CRYSTAL LAKE, Terror Machine (2007, self-released)

The skull:
It’s like, “how much more brown could this be?” and the answer is, “None. None more brown.” Any cover where the background is basically just noise should set off aesthetic alarms. Yes, I can see that there’s some barbed wire in there, and I guess some… pipes? but really, it just looks like a seamless tile for your evil desktop. It appears that the terror machine is really just an apparatus for skull ventilation, which doesn’t seem so sinister to me.

The music:
Modern thrash with death metal production values. Think Krisiun doing Dew Scented covers or something. Yeah, that good. A strong Slayer influences dominates the riffing, but this being a Brazilian band, there’s a thorough undercurrent of much sloppier oldschool shit derived from German sources. Vocals are a joyless barking. The band is tight, but the songs are dull. If you’re the kind of person who’s totally worn out your Carnal Forge discs, then I guess maybe you’d like Crystal Lake, but if you’re really that kind of person, you’re probably too irony deficient to be reading Big Dumb Skulls in the first place.
— Friar Johnsen

SKULL101

SARCASM, Revolt (2006, On-Parole Productions)

The skull:
For as big and central as this skull is, this cover couldn’t be less exciting. It fails to properly capture true dumbness, and neither does it offer even a whiff of adolescent heavy metal cool. The motion blur in the lights and the fuzziness of the skull are obviously a desperate attempt to make any artistic statement at all with this cover, but what that statement is, and how it relates to the title, I couldn’t say. Nevertheless, this is probably the perfect embodiment of a color I would never have thought possible: neon brown. What could be dumber than that?

The music:
Slovenia’s Sarcasm started as a fairly typical eastern European thrash band, attempting a relatively melodic take on the genre but playing it with the precision of mid 80s German thrashers (note: not a compliment). It appears they took the 90s off, taking thirteen years to follow up their 1989 debut, and in that time they mellowed significantly, with Revolt sounding more like speedy traditional metal (bordering occasionally on power metal) than thrash. Arakain, a favorite of mine from the Czech Republic, made a similar transition, albeit with more grace (and much better tunes). Sarcasm are hobbled by congenital sloppiness: the playing is haphazard, the half-barked, half-sung vocals are rather bland, and no attention is paid to the details. But, the songs are generally pretty fun, with some good riffs that recall the better middle-tier European speed metal acts of the 80s, and the production is appropriately but not distractingly old school. About half the lyrics are in what I assume is Slovene, but the rest are in English, and it must be said that these are not good.
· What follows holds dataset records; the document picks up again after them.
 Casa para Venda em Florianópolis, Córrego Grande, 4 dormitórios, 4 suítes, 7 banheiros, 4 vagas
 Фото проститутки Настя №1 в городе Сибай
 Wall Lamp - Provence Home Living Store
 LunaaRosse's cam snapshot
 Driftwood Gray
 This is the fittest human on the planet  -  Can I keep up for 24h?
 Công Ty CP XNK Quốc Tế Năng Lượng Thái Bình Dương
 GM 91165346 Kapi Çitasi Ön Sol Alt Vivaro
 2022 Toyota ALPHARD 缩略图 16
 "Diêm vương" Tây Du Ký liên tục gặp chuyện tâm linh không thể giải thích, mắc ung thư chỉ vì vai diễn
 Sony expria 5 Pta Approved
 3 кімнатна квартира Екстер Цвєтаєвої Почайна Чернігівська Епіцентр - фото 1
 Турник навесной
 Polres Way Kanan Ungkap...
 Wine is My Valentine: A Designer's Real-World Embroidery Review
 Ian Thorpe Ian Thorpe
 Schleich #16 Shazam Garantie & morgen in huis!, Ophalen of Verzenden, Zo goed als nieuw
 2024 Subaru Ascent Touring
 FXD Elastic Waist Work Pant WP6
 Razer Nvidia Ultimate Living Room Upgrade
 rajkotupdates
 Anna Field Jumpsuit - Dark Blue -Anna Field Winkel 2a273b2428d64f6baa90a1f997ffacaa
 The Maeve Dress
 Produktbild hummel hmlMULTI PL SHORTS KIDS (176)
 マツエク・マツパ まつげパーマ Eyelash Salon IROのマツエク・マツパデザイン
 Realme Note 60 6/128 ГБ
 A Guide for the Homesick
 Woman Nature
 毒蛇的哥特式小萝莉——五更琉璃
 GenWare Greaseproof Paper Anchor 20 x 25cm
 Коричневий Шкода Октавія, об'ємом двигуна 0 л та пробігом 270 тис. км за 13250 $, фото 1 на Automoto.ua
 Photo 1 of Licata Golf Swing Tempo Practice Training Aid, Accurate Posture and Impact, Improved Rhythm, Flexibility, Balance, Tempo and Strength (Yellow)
Slovene (or whatever it is) is an excellent metal language, like Czech, but even when singing in their native tongue, they make some regrettable choices, notably the chorus to “Silicon Carne” which REALLY sounds like “Chili con carne”. I’d love it if this play on words was intentional, but it almost certainly was not. Revolt is maybe not quite good enough to really get excited about, but it at least stokes an interest in their other releases. Unfortunately, this appears to be the apex of their melodic sound (their lone release since is not as good), and the earliest, pure thrash album, while perhaps more successful on those terms, is not as good in an absolute sense. If I happen to notice the release of a new Sarcasm album, I’ll probably check it out, but not with a great deal of optimism.